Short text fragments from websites
# # # # #

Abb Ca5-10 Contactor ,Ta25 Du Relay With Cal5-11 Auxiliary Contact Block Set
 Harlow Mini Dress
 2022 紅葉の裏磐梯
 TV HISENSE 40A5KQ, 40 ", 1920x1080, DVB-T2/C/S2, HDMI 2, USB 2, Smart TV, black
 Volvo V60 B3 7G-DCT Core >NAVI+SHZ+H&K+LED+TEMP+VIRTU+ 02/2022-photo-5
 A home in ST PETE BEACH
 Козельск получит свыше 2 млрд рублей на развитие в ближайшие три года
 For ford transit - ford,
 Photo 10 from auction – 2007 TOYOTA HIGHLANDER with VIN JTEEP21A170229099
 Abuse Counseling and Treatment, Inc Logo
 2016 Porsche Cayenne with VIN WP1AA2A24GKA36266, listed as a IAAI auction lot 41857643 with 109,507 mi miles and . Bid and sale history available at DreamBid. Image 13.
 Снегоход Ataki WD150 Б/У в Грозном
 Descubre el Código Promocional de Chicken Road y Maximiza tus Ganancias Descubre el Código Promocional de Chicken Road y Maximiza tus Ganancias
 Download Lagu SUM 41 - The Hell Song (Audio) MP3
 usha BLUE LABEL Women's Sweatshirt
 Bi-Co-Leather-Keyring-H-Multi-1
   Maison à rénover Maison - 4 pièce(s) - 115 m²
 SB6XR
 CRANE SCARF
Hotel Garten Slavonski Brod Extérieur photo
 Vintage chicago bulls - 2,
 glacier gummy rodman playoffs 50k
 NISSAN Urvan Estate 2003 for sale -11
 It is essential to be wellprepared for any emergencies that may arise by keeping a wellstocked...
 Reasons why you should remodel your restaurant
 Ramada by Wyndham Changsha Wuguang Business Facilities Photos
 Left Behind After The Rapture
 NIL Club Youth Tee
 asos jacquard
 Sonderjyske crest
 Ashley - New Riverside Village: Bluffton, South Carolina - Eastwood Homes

# # # # #

Work task:
Locate "Sonderjyske crest" in the data above. Then repeat, exactly, its line and each line after it through the last, adding nothing.

Answer:
 Sonderjyske crest
 Ashley - New Riverside Village: Bluffton, South Carolina - Eastwood Homes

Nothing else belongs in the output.